Charlottetown Building Permits in RSS
This page documents an experimental script to scrape the City of Charlottetown website to create an RSS feed of weekly building permit summaries.
The General Idea
Every week the City of Charlottetown where I live produces a weekly summary of building permits issued in the past week as a PDF file, and they update a page on their website with a link to the latest PDF file. This system has existed since May of 2005, and the current index contains links to PDF files going back to January, 2007.
I'm interested in following building permit activity -- it's a good way to keep track of what's being built or renovated where -- but I don't want to have to remember to go and check that page every week, and the City provides no way of "subscribing" to the information, and no RSS feed for the information.
I originally looked at the idea of scraping the actual PDF files to pull out the data contained therein to create an RSS feed of actual permits issues, but the PDF files don't contain enough consistency to allow for that.
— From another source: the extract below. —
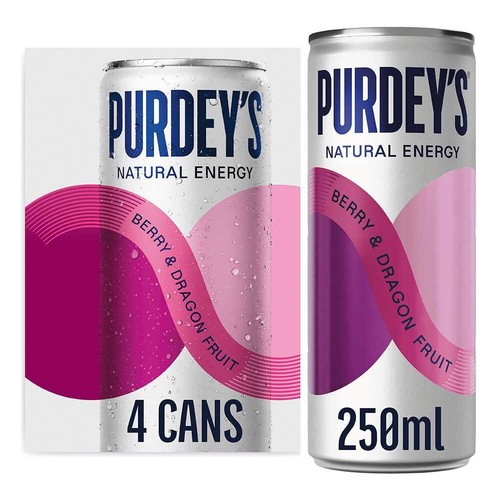 Purdeys Sparkling Berry and Dragonfruit 4x250ml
I settled for the notion of creating an RSS feed that would be updated every time a new weekly summary was issued.
The script documented here, then, is intended to regularly grab the HTML of the page containing the index to the PDF files, uses an HTML parser to locate the URLs of the PDFs (they are consistent enough, so far, to rely on, as they all start with Weekly_permits_approved_), compares the URLs received to a cache or previously-scraped URLs stored in a MySQL table, updates the table if a new PDF is found, and then creates an RSS feed that contains pointers to the most recent 100 PDFs found.
With the RSS feed in place and subscribed to, I can now get automatically alerted in my RSS newsreader whenever a new index of building permits is issued.
Download Source Code
You can grab the source code from Github.
The script has the following dependencies:
- The XML_HTMLSax PEAR package. You can probably install this with
pear install XML_HTMLSax
- The sweet FeedCreator.class.php RSS creation class.
MySQL Table for Permit Summary Cache
You'll need a MySQL server where you can create a table to hold a cache of weekly summaries already discovered. In a database on that server you'll need to create a table with the the following structure:
CREATE TABLE `permitcache` ( `number` int(11) NOT NULL auto_increment, `dateadded` datetime NOT NULL default '0000-00-00 00:00:00', `url` text NOT NULL, `heading` varchar(50) NOT NULL default '', `filesize` int(11) NOT NULL default '0', UNIQUE KEY `numberdex` (`number`) )
You don't have to call the table permitcache -- you can set an arbitrary name for it in the script.
To get the script running, take the following steps:
- Create the MySQL table as above, and note the hostname, database name, table name, and authentication information for the table.
- In the permits2rss.php script, modify the user-configurable options:
- Set the MySQL server, database and table information.
- Change the URL of the web page containing the index of weekly permit summaries, if required.
- Change the variables used to store information to be embedded in the RSS feed, if required.
- Set the location for the RSS feed to be created; this should be a web-accessible file location if you want to make the RSS feed public.
If all goes according to plan, you should now be able to run the script as follows:
...and the result should be an RSS file in the location you specified.
To be useful, you should set the script up to run regularly -- perhaps once a day -- as a cron job, so that the RSS file is always current.
I've set up a Test RSS Feed. Examine the contents of this feed if you want to see the intended result of the script.